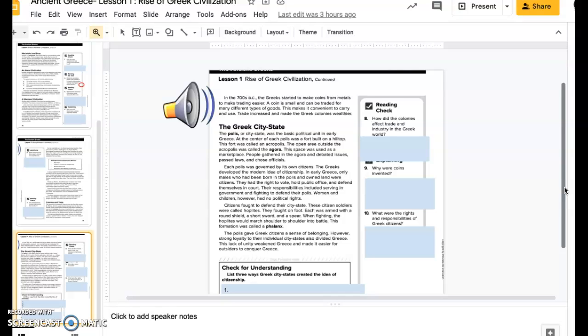The Greek city-state. The polis, or Greek city-state, was the basic political unit in early Greece. At the center of each polis was a fort built on a hilltop. This fort was called an acropolis. The open area outside the acropolis was called the agora. This space was used as a marketplace.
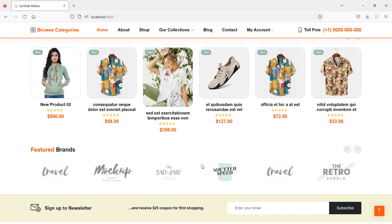So in this way you can show the latest products in a carousel on the home page. That's all about showing the latest products on the home page. Thanks for watching this video. If you have any questions, ask in the comment box. Don't forget to subscribe to the channel.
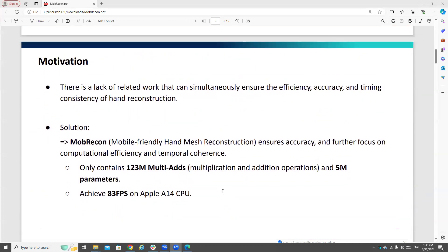The motivation of this paper is that previous methods either focus only on accuracy but require high computational cost, or focus on computational efficiency but sacrifice accuracy. To solve this problem, they propose MobileCon, a mobile-friendly hand mesh reconstruction that provides both accuracy and computational efficiency, and also temporal coherence. This network contains only 123 million multiply-and-accumulate operations and only 5 million parameters, achieving 83 frames per second on an Apple A14 CPU.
○ ○ ○ ○ ○ ○ ○
» **Work task**
Your copy must repeat the data word for word and show none of its images.

» **Expected answer**
The Greek city-state. The polis, or Greek city-state, was the basic political unit in early Greece. At the center of each polis was a fort built on a hilltop. This fort was called an acropolis. The open area outside the acropolis was called the agora. This space was used as a marketplace.
So in this way you can show the latest products in a carousel on the home page. That's all about showing the latest products on the home page. Thanks for watching this video. If you have any questions, ask in the comment box. Don't forget to subscribe to the channel.
The motivation of this paper is that previous methods either focus only on accuracy but require high computational cost, or focus on computational efficiency but sacrifice accuracy. To solve this problem, they propose MobileCon, a mobile-friendly hand mesh reconstruction that provides both accuracy and computational efficiency, and also temporal coherence. This network contains only 123 million multiply-and-accumulate operations and only 5 million parameters, achieving 83 frames per second on an Apple A14 CPU.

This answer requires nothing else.